Ideally this agent could be used on any type of EPS foam, whether IDRO produced or common building grade.  

Cheap

Easy application

Lightweight

Epoxy compatible

This has been tried and tried and tried for over 50 years.  It just isn’t a good idea.  When sqeegeeing your flats, poly resin will find any insignificant hole and attack the foam.  Not to say it can’t work once … but anyone who’s making any number of boards will get a low percentage out of any sealing method followed by polyester.  Plus weight penalty in dealing with heavy seals kind defeats the whole purpose.

 

Matt did not suggest that the undercoater would offer any strength benefits, merely that it would seal the foam with a thin & light layer.

Then I don’t see any apparent benefit to buying the product unless I’m missing something. Cosmetically superior to epoxy/microsphere sealing? Better adhesion than ultralite spackle?

I agree with Greg, that sealing an EPS blank for the purpose of using UV polyester is inherently a loser.

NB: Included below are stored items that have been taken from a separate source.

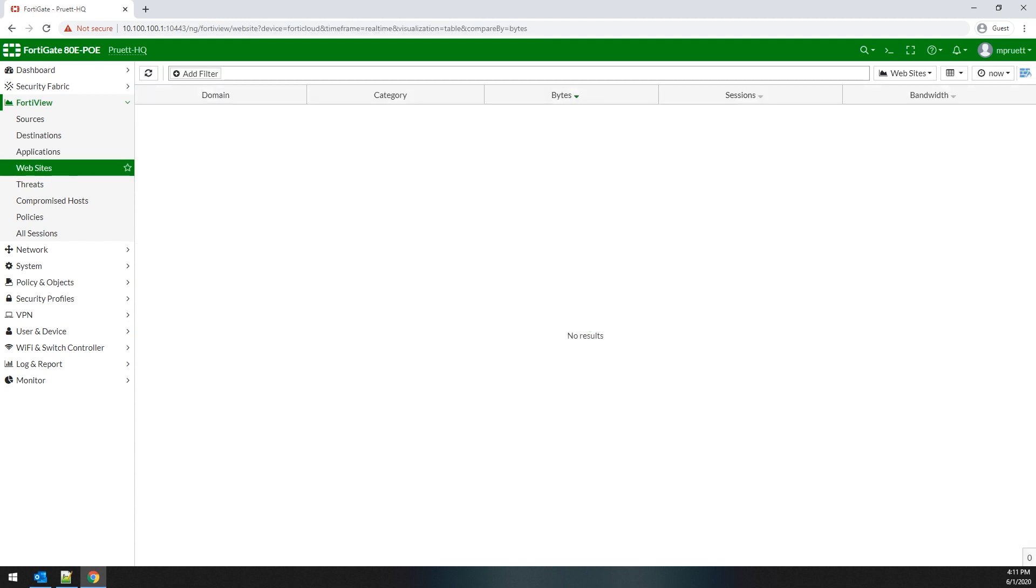Next, we have the website dashboard, which shows you the domain, its associated category, number of bytes, sessions, and amount of traffic being used.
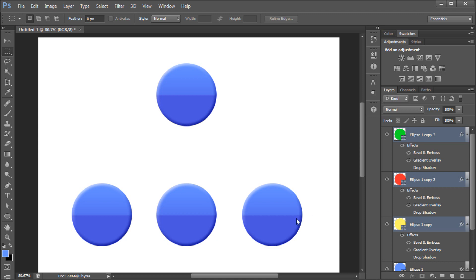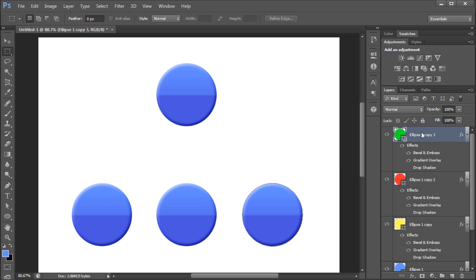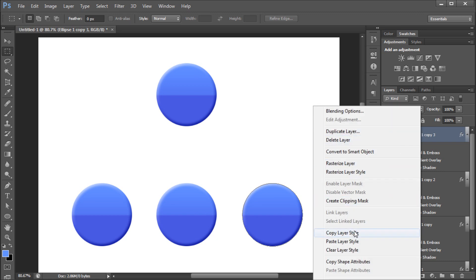To clear every layer style from a layer, you can also right click on the layer and then go down to Clear Layer Style.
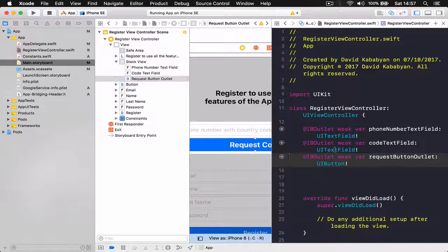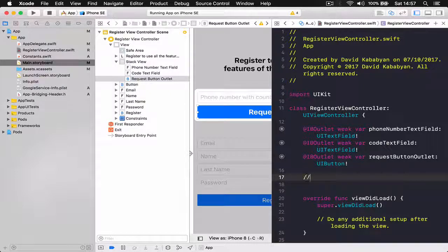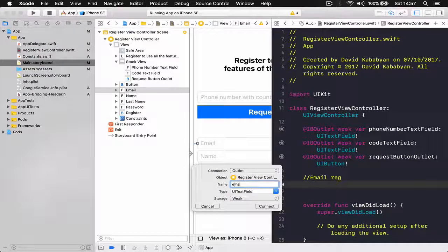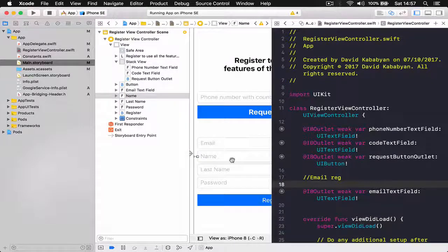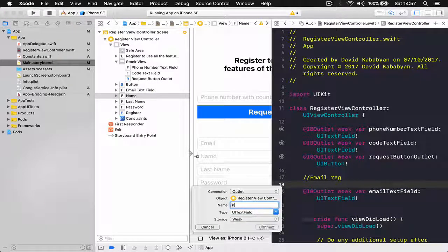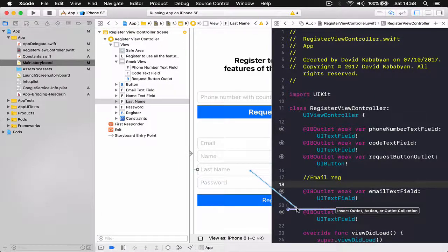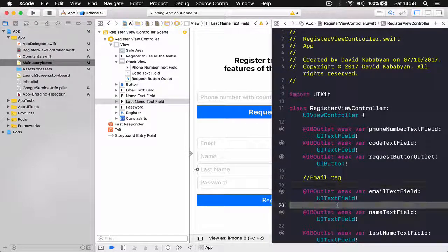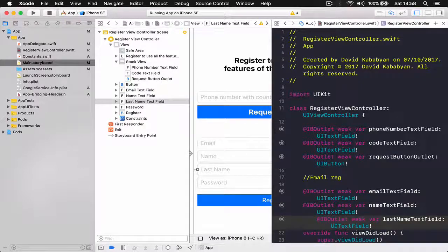Then I'm going to connect the request button as an outlet and call it 'request button outlet', so we have control over our request button as well. For our registration view, we are going to connect our email registration as well — put the email, then the name, last name, and finally the password. Let me remove the empty spaces here.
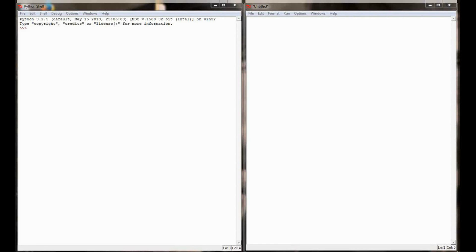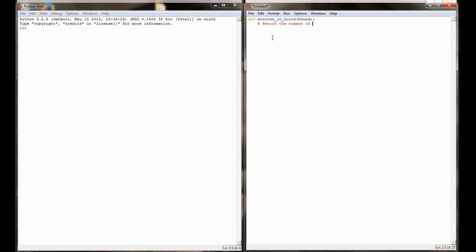To get started, we're just going to write a couple of functions to convert time. I'm going to start by writing a function that takes a given number of hours and returns the number of minutes in that many hours. I'll define a new function called `minutes_in_hours`, with a parameter for the number of hours to convert. The comment will say: returns the number of minutes in a given number of hours. The math is simple — there are 60 minutes in every hour, so minutes equals hours times 60, and then we return minutes.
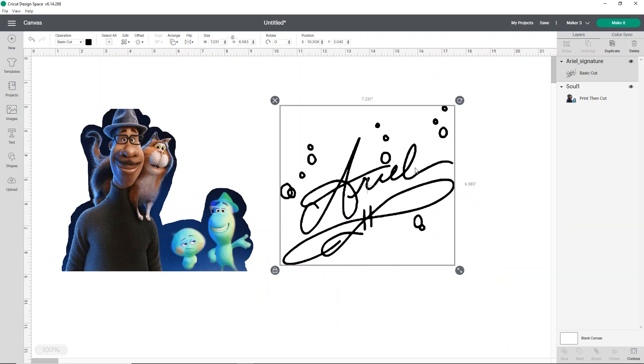The new background remover tool is going to be super handy. But again, it's only available for access members. I'll link down below where you can grab Cricut access from if you don't have it and want to get it. But again, you can always just use remove.bg as well as an option when it comes to removing backgrounds on images. I hope this helps you guys with the brand new background remover tool.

First I doubt that the bond will ever be comparable to an epoxy based glassjob. And even if one glasses an EPS blank with polyester resin, the end result will be a cheaper less durable product.

Like GL, I feel the dynamics surrounding EPS as a core material are unrealized and underappreciated. I don’t believe the different feel in ride is the deciding factor why EPS isn’t in commonplace use. So if it is in fact the fear that your board will be invaded with water the second you have a pin hole leak around a box, leash cup, or a tiny ding gone unnoticed… well, how do you counter that archaic thinking?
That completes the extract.